Are the conservative Supreme Court justices really out-of-touch? There is no evidence that the American public has any sympathy for the “racial ferment on campuses nationwide.” There is no good evidence that it supports the way in which universities use race to admit black applicants over white applicants with vastly better credentials. When put to the test at the ballot box, the principle of colorblindness has routinely triumphed to the detriment of racial preferences in college admissions.

What is Marcus’s evidence that, on this issue, the conservative justices are out-of-touch with anything other than leftist ideology and the loudly expressed views of black students who, as a group, are admitted into colleges they couldn’t attend if decisions were based purely on merit? She notes that Chief Justice Roberts asked “what unique perspective. . .a minority student bring[s] to a physics class.” But Roberts was simply pointing out how out-of-touch with reality the premise of the ideology of diversity is.

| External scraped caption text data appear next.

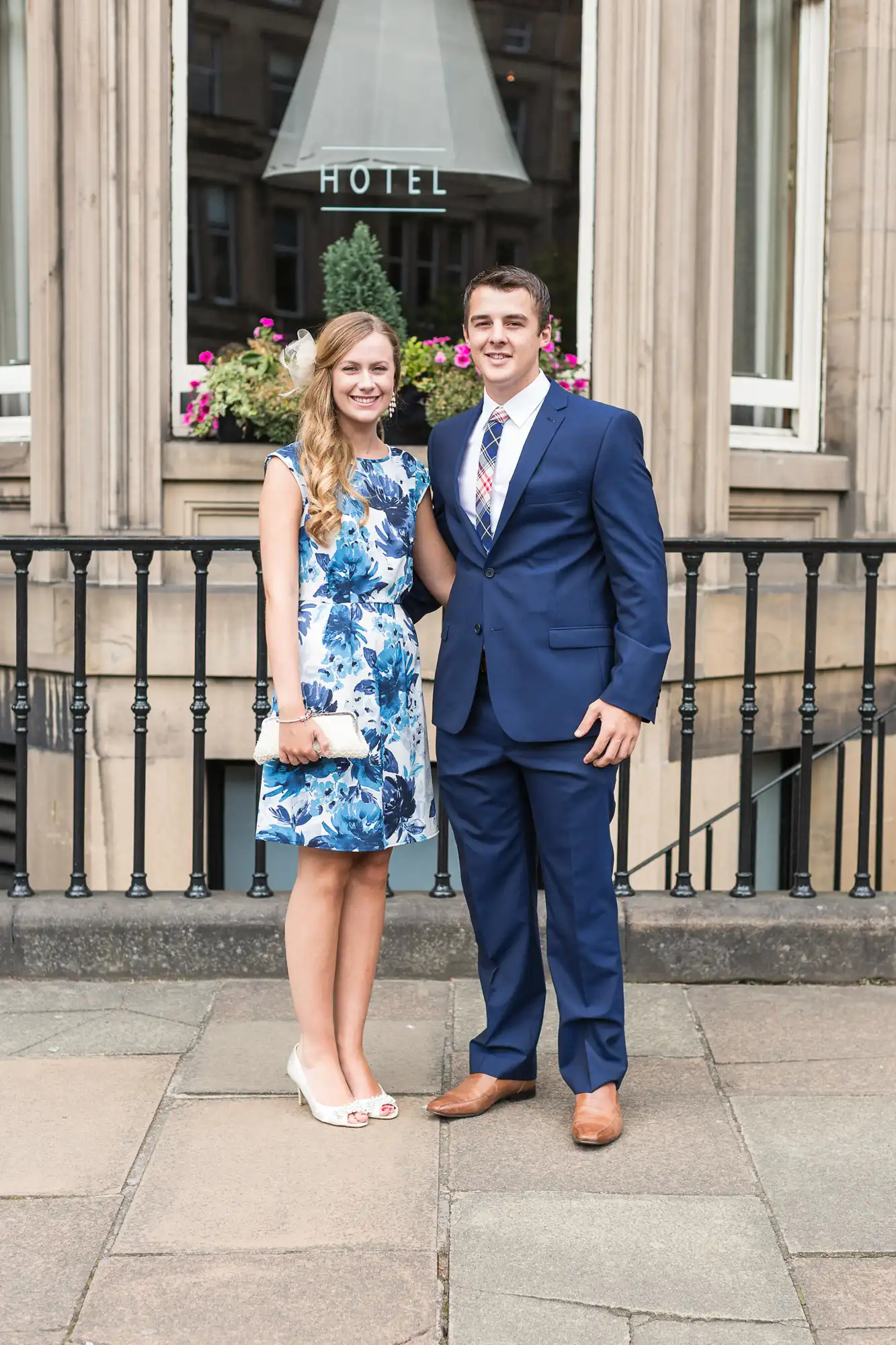 A young couple smiling and standing in front of a hotel, with the woman wearing a floral blue dress and the man in a blue suit.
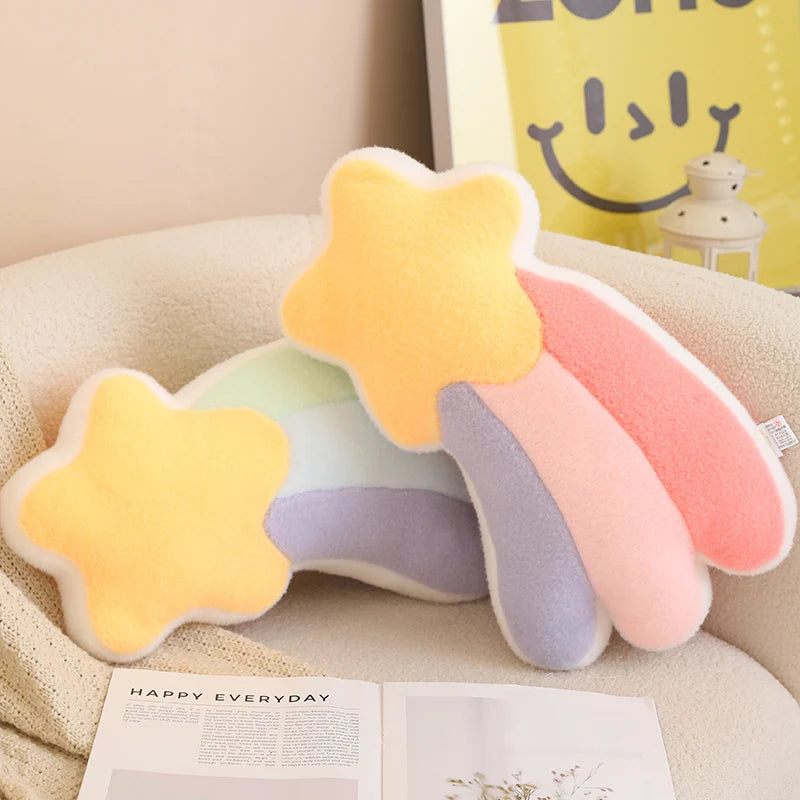 Colorful star-shaped pillow on a couch with a smiley face pillow in the background.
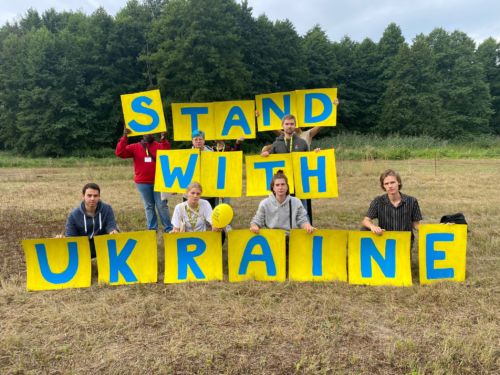 Eine Gruppe von Amnesty-Mitgliedern hält die Buchstaben "Stand with Ukraine" auf gelb-blauen Plakaten hoch.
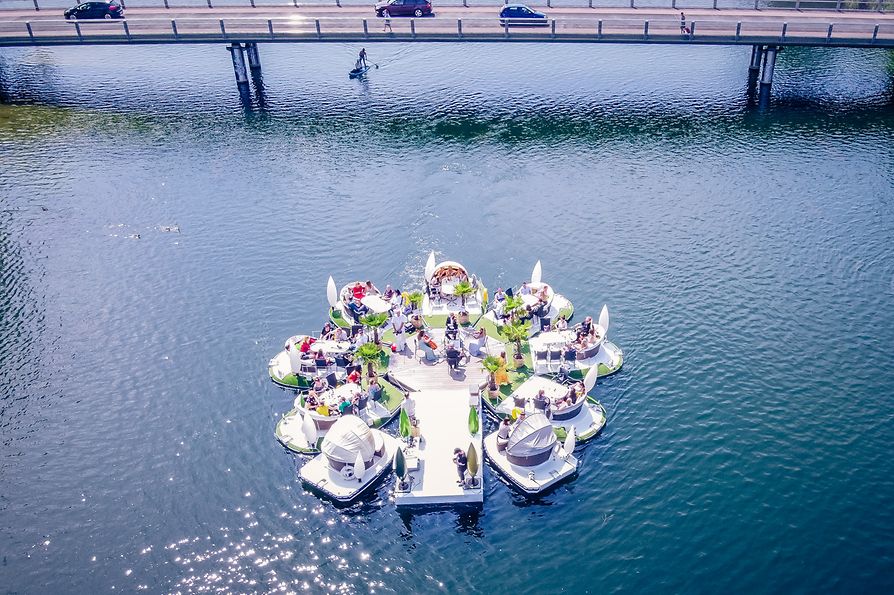 Schwimmende Inseln auf der alten Donau beim Floating Concert mit Brücke im Hintergrund 
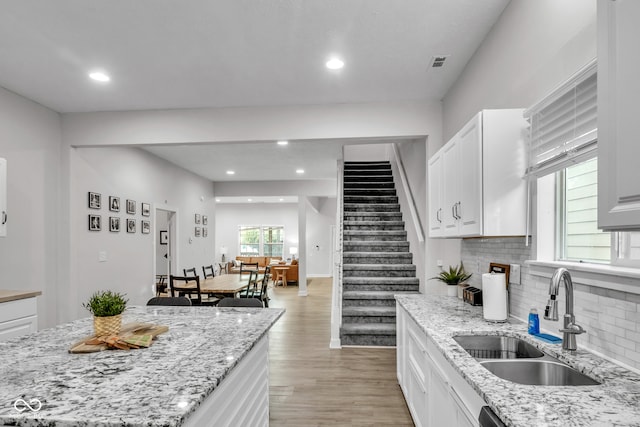 kitchen featuring white cabinets, a center island, sink, and light hardwood / wood-style flooring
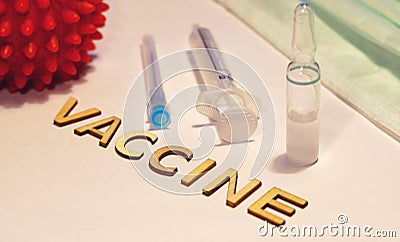 The word vaccine is laid out on a hundred table surrounded by an ampoule and syringe Stock Photo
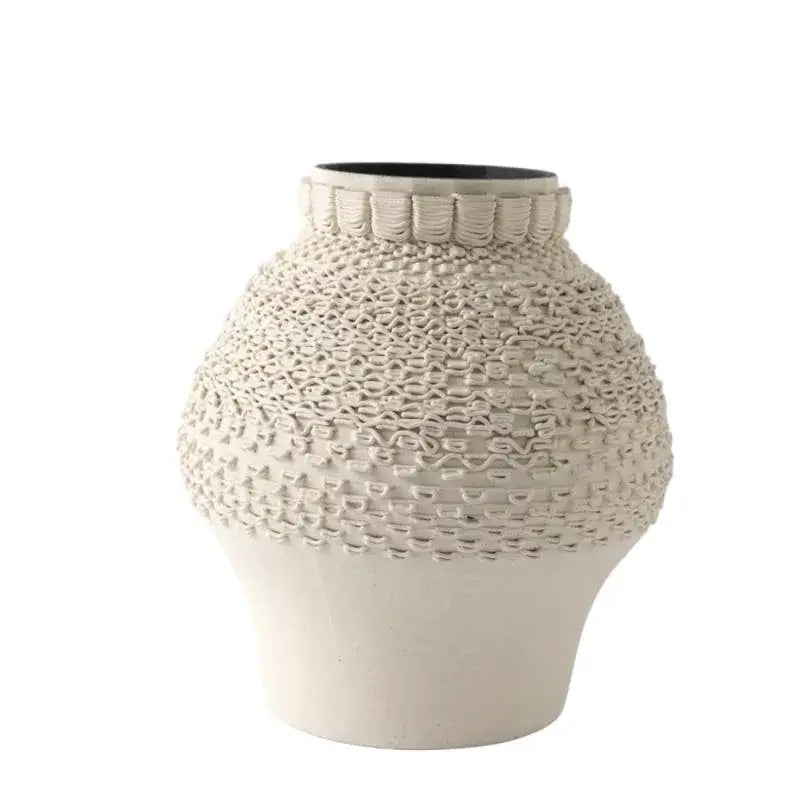 Cream-colored geometric folding ceramic vase with textured woven pattern and fluted rim for living room decorbites decor
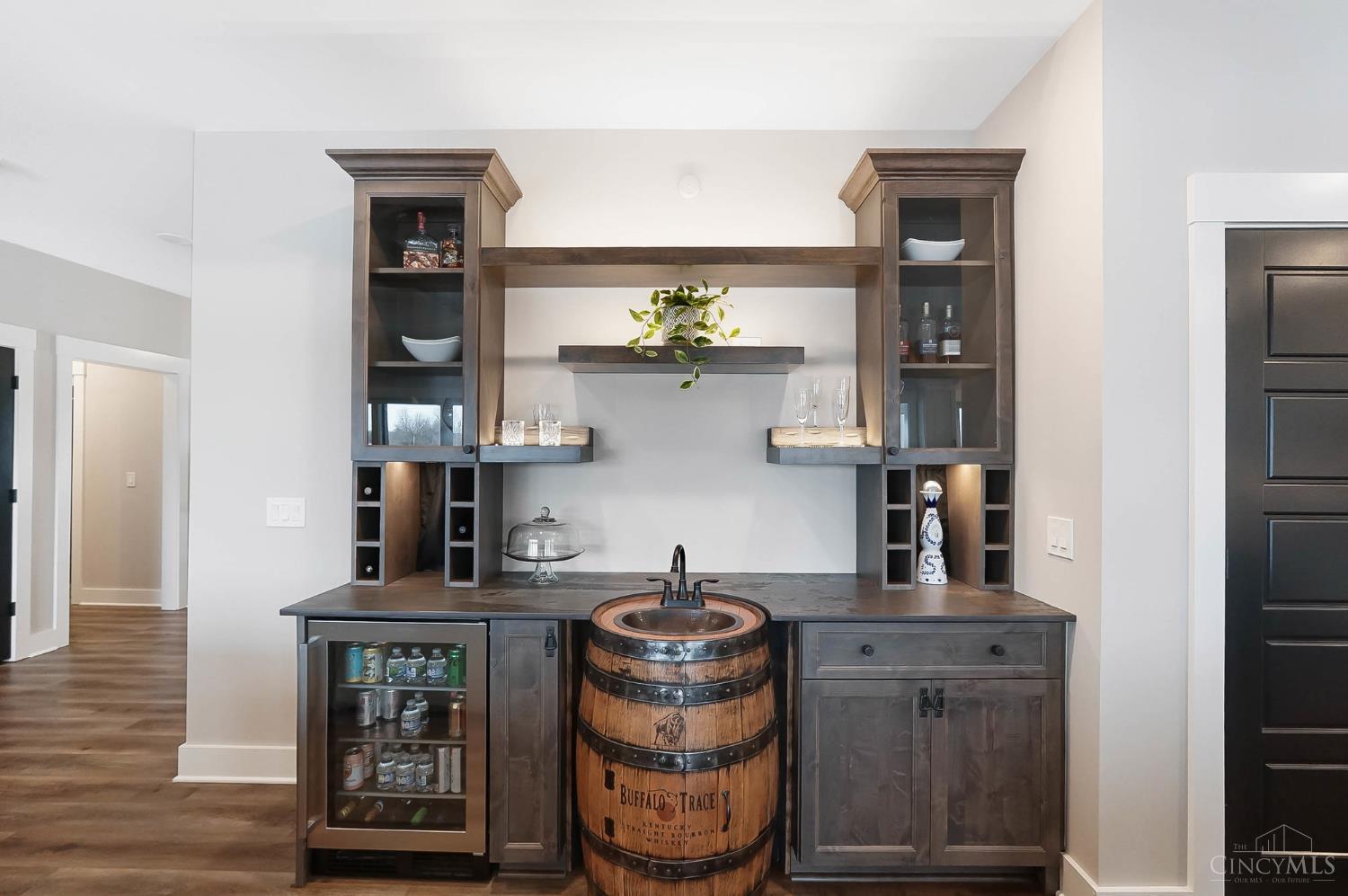 2220 Wilmington Road Lebanon, OH 45036 - Photo 23 of 91 A custom bourbon barrel centerpiece creates a bold focal point in the bar area, enhanced by a distressed metal countertop and soft accent lighting.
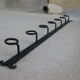 Wall-mounted wrought iron coat racks.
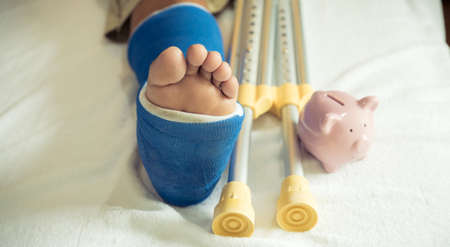 Man's leg uses crutches to walk after surgery recovery injury broken bones with pink piggy bank.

Marcus also cites Justice Scalia’s questions about whether minority students with credentials that don’t match that of the student body would be better off competing with similarly-credentialed students at a less elite institution. Marcus doesn’t explain why this query is out-of-touch. In fact, it invokes careful research on the subject of “mismatch.” It’s about as “real world” as you can get on the topic.

Instead, Marcus sniffs that this is a judgment for university officials or the state legislature, not unelected judges, to make. But university officials and legislators aren’t permitted to engage in unlawful racial discrimination. And if the only thing that might save preferences from being unlawful discrimination is an alleged educational benefit, then it is fair to ask whether minority students are harmed or benefited by racial preferences of the magnitude used these days, and to put the burden of proof on those who would make admissions decisions based on skin color.

Marcus says that, though she’s not a fan of black lives matter style campus protests, they are based on a “sincere sense of hurt and alienation.” How does she know that this alienation isn’t the result, in significant part, of attending a college that’s a bad match?

In any event, the Supreme Court’s job is to be “in touch” with the law — in this case the Constitution — not with a particular group’s sense of alienation, whatever its cause. Often, there will be a divide between the law and people with grievances. When the conduct of those with grievances veers towards anarchy, the divide may become a chasm.

A judge who seeks to close the chasm by fudging the law, does our system of government great damage.